O que significa ‘pensamento mestiço’? Imaginemos um jogo de futebol. Não é o jogador que o tempo todo chuta direto ao gol que efetivamente emplaca. O bom jogador só chuta ao gol depois de ter vencido os obstáculos existentes entre a bola e o gol. A ‘mestiçagem’, aqui, consiste na sabença de obstáculos a serem evitados ou contornados. O bom jogador só entra em ação depois de tomar conhecimento dos obstáculos existentes entre a bola e o gol. Ele sempre procura uma brecha na defesa do time adverso. Só chuta direto para o gol depois de praticar tergiversações, aparentes recuos, passes, aparentemente incôngruas, ou seja, sem sentido. É isso, exatamente, que faz o Papa Francisco. Enquanto muitos partem logo em cima dos problemas (chutam direto ao gol), o Papa sabe que a linha reta nunca é o caminho mais curto entre dois pontos. O ziguezague entre obstáculos, o drible diante das dificuldades, eis o caminho mais curto. Só assim se cria um espaço ‘viável’ dentro de um sistema ‘inviável’. Como repetia Mestre Comblin, sempre há um jeito, uma brecha, uma fissura, um vazamento no sistema, por onde brota uma possibilidade de vida. Assim se compreende, por exemplo, que ele não se posiciona nem a favor nem contra a Teologia da Libertação, ‘muito pelo contrário’. Seu pensamento não é retilíneo, ele não chuta direto ao gol, não entra logo no ringue contra seus opositores.
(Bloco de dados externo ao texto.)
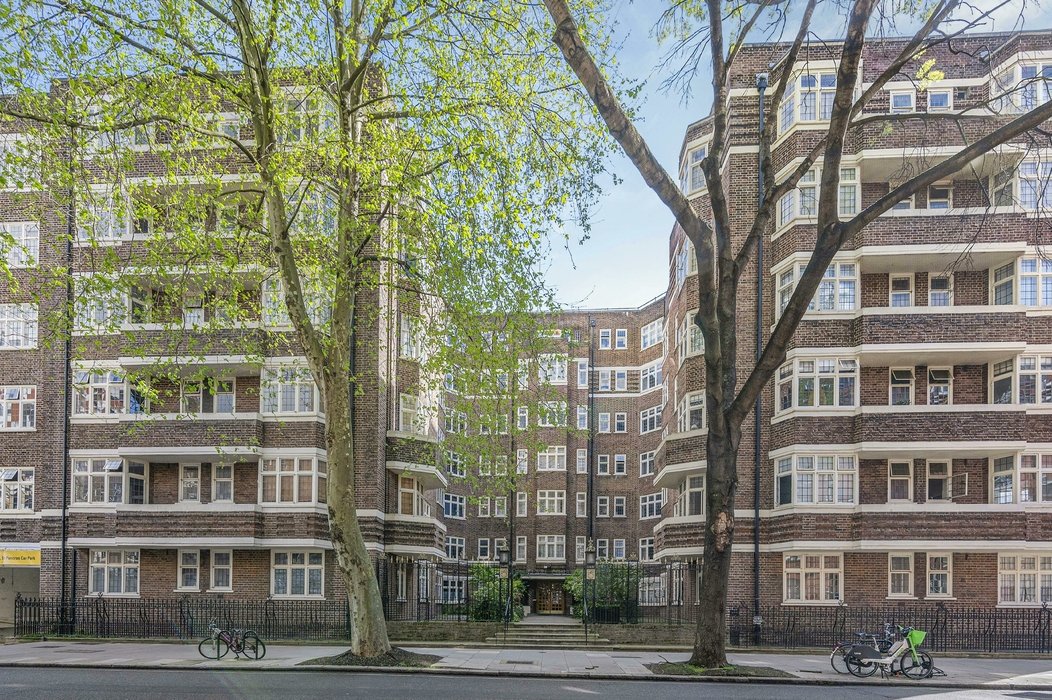 under-offer-clare-court-655-view-8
Pois sabe que a Corte do Vaticano só pode ser reformado por uma dinâmica eventualmente posta em ação por bobos inteligentes. Estruturas mentais, que vigoram no cérebro pela repetição de imagens ao longo de muitos séculos, não se combatem por meio de oposição aberta nem muito menos por algum tipo de cooptação populista. Há de se acenar para a multidão silenciosa e passiva, lançar sinais e sugestões, se fazer entender com as forças latentes de mudança numa estrutura tão hierarquizada como é a Igreja Católica, esperar pacientemente alguma mudança, algum sinal de mudança. O Papa diz o tempo todo: reajam, façam alguma coisa, manifestem-se, reclamem, não se acomodem. Eis uma coisa que pede muita perseverança, criatividade e paciência



Eduardo Hoornaert foi professor catedrático de História da Igreja. É membro fundador da Comissão de Estudos da História da Igreja na América Latina (CEHILA). Atualmente está estudando a formação do cristianismo nas suas origens, especificamente os dois primeiros séculos.